▸ **PROBLEM TO WORK ON**
Return the line that has "Ingenious Orc Artificer" and all lines below it through the last, exactly as they stand; omit pictures.

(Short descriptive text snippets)
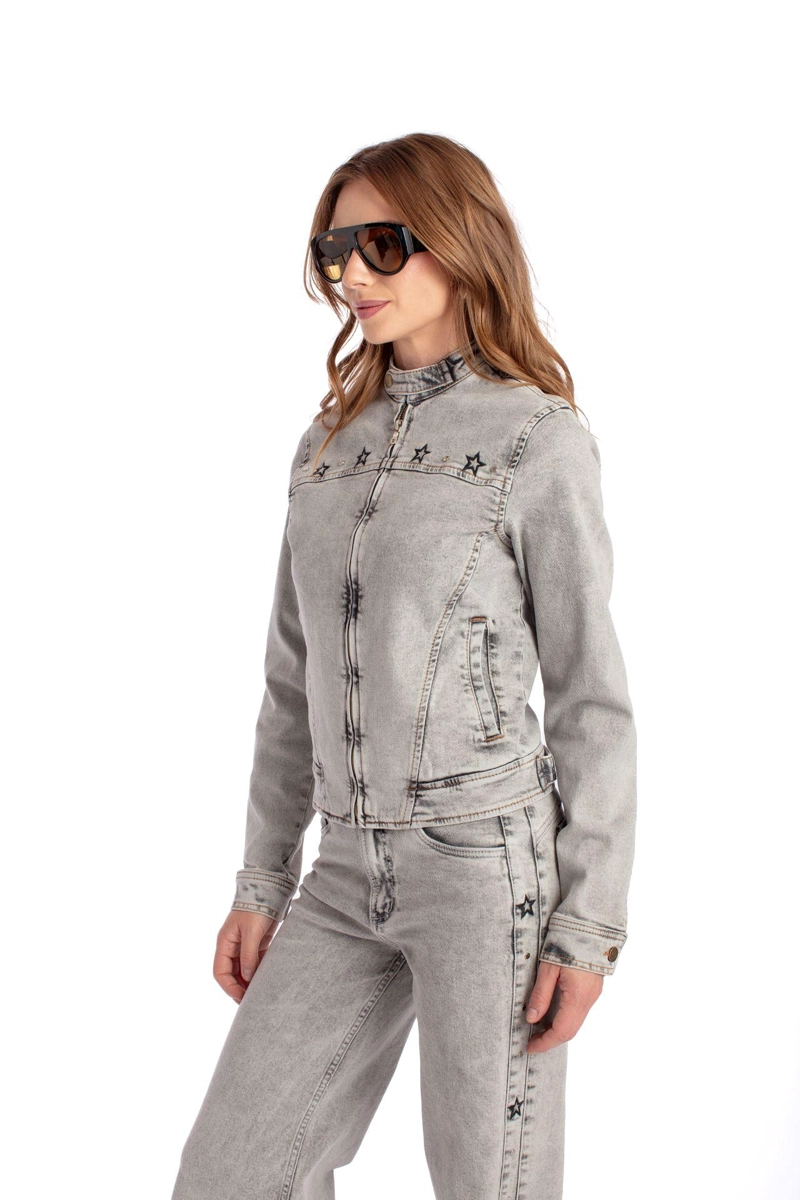 CHAQUETA YARA SLIM FIT C/ CIERRE GRIS EFESIS - 3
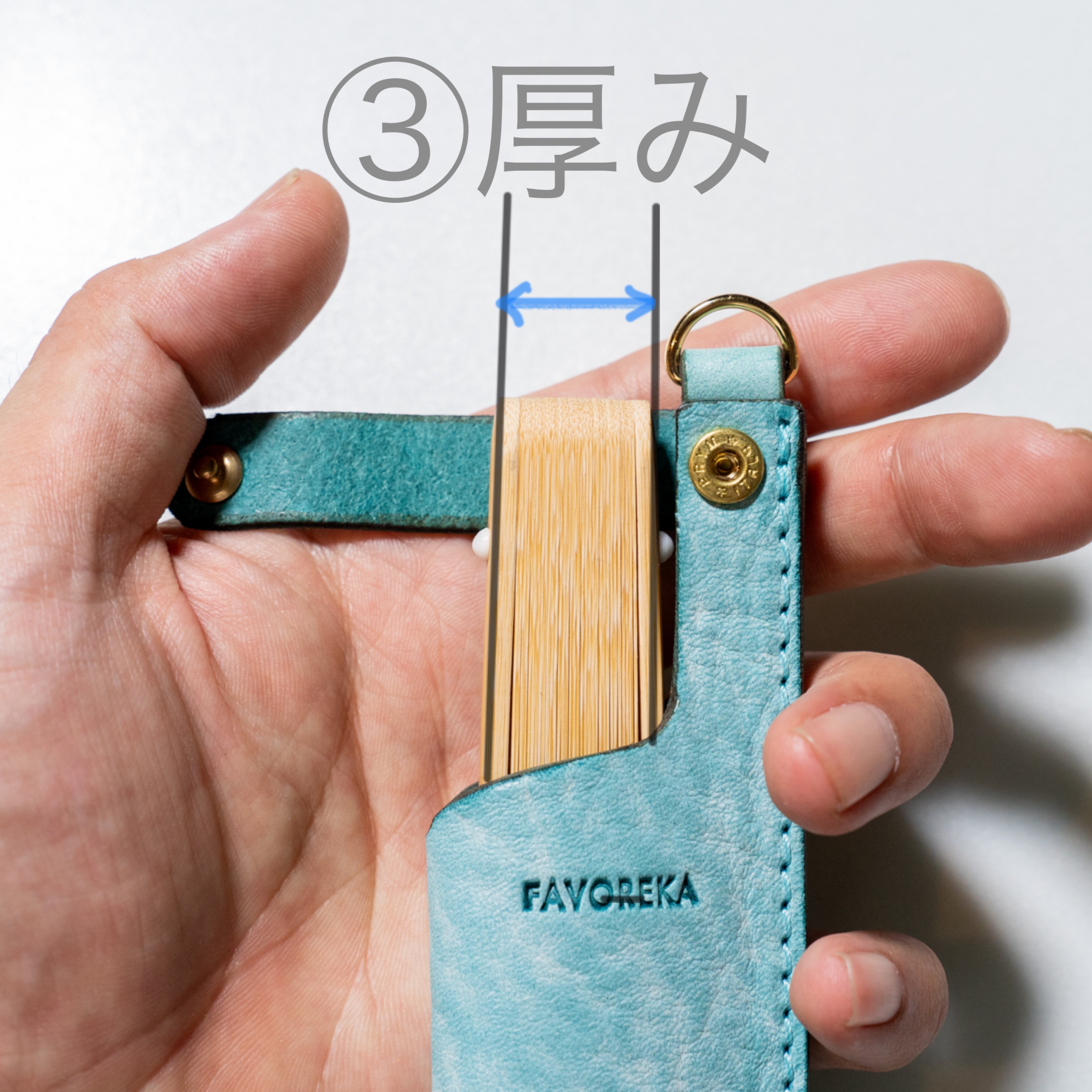 Vallan サーシャドッキングファーミディアムコート　ダークブラウン新田さちか オーダー 扇子ケース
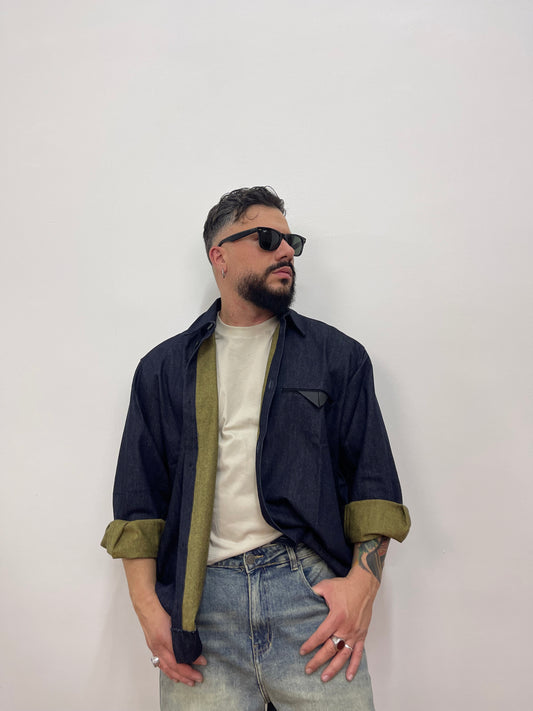 Jacket in blu denim Black Circus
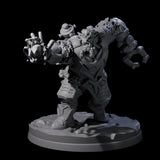 Ingenious Orc Artificer B Miniature for Dungeons and Dragons, Pathfinder or other TTRPGs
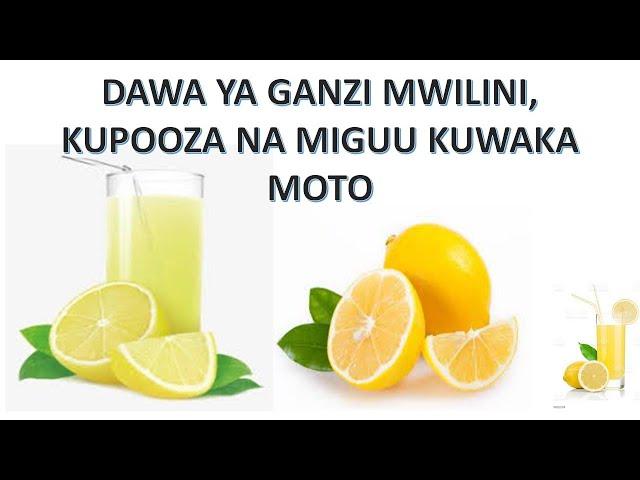 DAWA YA GANZI MWILINI/ KOLESTERO/ KUPARARAIZI/ MARADHI YA MOYO NA NGUVU ZA KIUME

▸ **ANSWER BOX**
 Ingenious Orc Artificer B Miniature for Dungeons and Dragons, Pathfinder or other TTRPGs
 DAWA YA GANZI MWILINI/ KOLESTERO/ KUPARARAIZI/ MARADHI YA MOYO NA NGUVU ZA KIUME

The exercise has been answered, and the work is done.